第45回(平成26年4月22日)
直江津港(上越市)
1.はじめに
直江津港は、日本海沿岸の中央部にあり、新潟港と伏木富山港のほぼ中央に位置しています。長野県境を水源とする1級河川、関川の河口に隣接しており、トキの住む観光地佐渡島を日本海上に望み、背後は上信越高原国立公園である妙高高原地帯に続き長野県に通じています。
今回、直江津港の過去から現在までの整備・改修の歴史を紹介します。
2.直江津港の沿革
直江津港は、奈良時代から越後国府の要港として栄えていました。
ことに、戦国時代の武将上杉謙信が春日山城に居城していた頃には人口6万人を数え京都に次ぐ大都市の港として、米、塩鮭、越後上布等を特産として京阪神地方及び遠くは九州、北海道の諸港と交易が行われていました。
明治時代に入り、新潟、小木への定期航路や神戸から小樽までの日本海定期航路の寄港地として賑わい、また、直江津を起点とする信越線が長野方面へ開通、中部日本に達する唯一のルートとなったことから、大正時代にかけて長野方面への物資の流通が盛んになるとともに港の背後地には工場の進出も進みました。
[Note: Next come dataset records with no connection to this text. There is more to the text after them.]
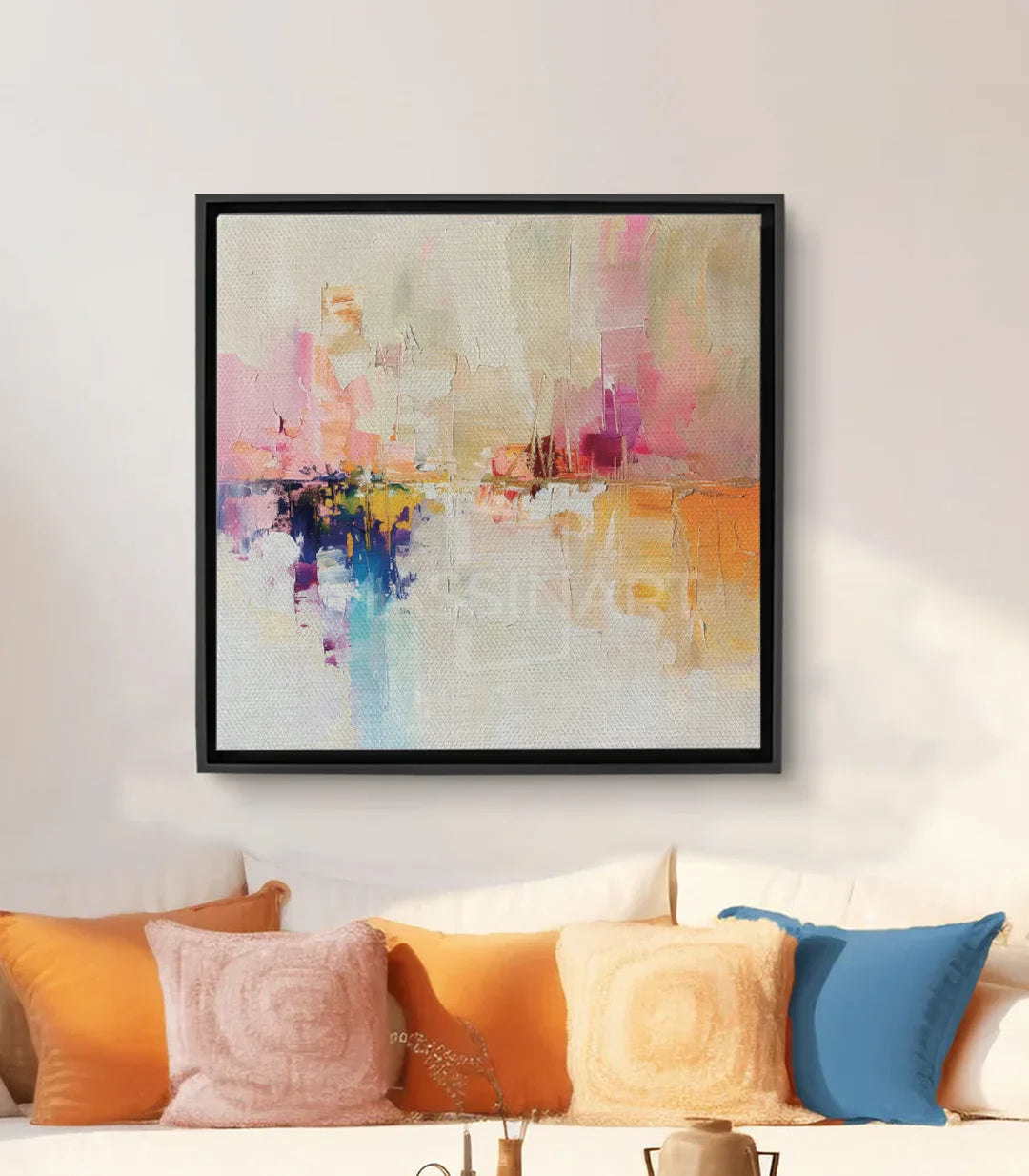 Cuadro Burst of Color abstracto cuadrado con colores rosa, naranja, azul y amarillo — Massinart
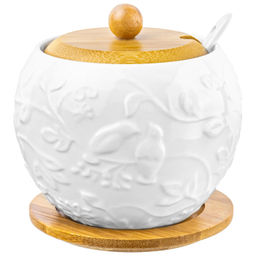 Сахарница 620 мл 12*12*12 см "Птички на ветке" с ложкой и дерев. крышкой на дерев. подставке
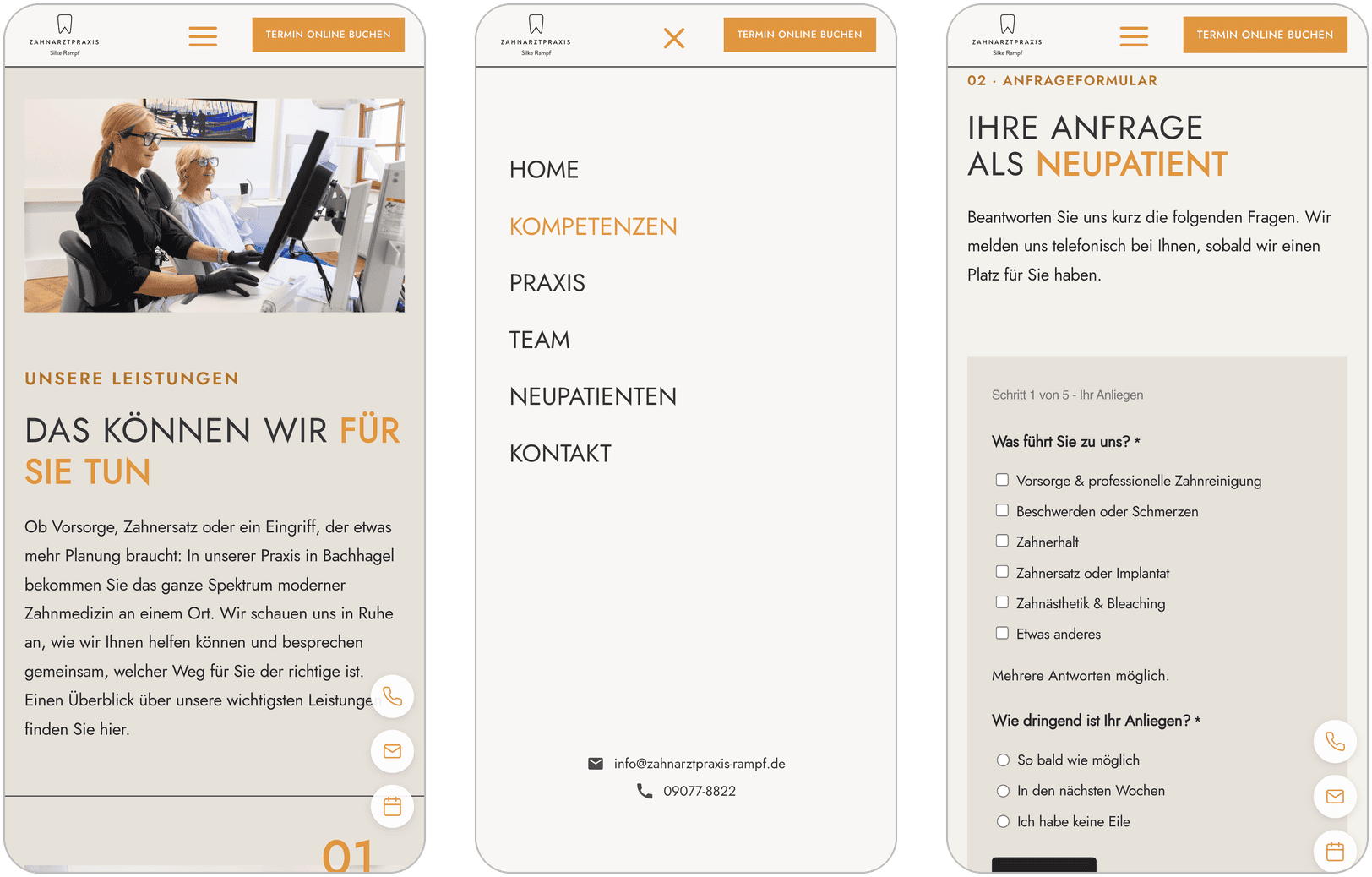 Mobile Ansicht der Zahnarzt-Website der Zahnarztpraxis Silke Rampf auf drei iPhones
昭和26年には港湾法に基づく重要港湾に指定され、昭和35年の河口分離によって港勢は著しく活発となり、その後も日本海側で2番目に5万トン級岸壁が作られるなど着実に整備が進みました。
平成8年には、外貿貨物も韓国や中国とのコンテナ航路が順調に伸び、年間の総取扱貨物量が、初めて1,000万トンに達しました。
その後、大型公共ふ頭の整備とLNG火力発電所の立地を中心とする「直江津港港湾計画」に基づき、荒浜ふ頭において平成11年から本格的な埋め立て工事を実施し、平成16年11月火力発電所用地が完成、平成19年5月には国内最大級のLNG火力発電所の建設が着工され、平成24年7月より営業運転が開始されています。
また、火力発電所に隣接して平成21年にはLNG受入基地建設が起工され、平成25年12月から操業を開始しており、エネルギー港湾として更なる発展が期待されています。
3.写真で見る直江津港の変遷
【昭和21年】(1946年) *昭和13年頃には、河口港としての形を整えていました。
【昭和37年】(1962年) *関川と分離した港の整備が昭和35年から進められました。
【昭和42年】(1967年) *西防波堤と南ふ頭を建設中です。
【昭和59年】(1984年) *中央ふ頭完成後、東ふ頭を拡張中です。
【平成16年】(2004年)*沖防波堤の建設と荒浜ふ頭埋立が進行中です。
【平成25年】(2013年) *平成25年現在の直江津港の状況です。
4.直江津港の構造物
沖防波堤(後部パラペット型スポットリーフ複合堤)
堤体前壁部と後部パラペットとの間に作用する波圧に時間差が生じることから、
堤体幅を縮小することができます。
荒浜ふ頭護岸( ハイブリッドケーソン)
鋼材と鉄筋コンクリートの一体構造で経済性・施工性に優れたケーソン。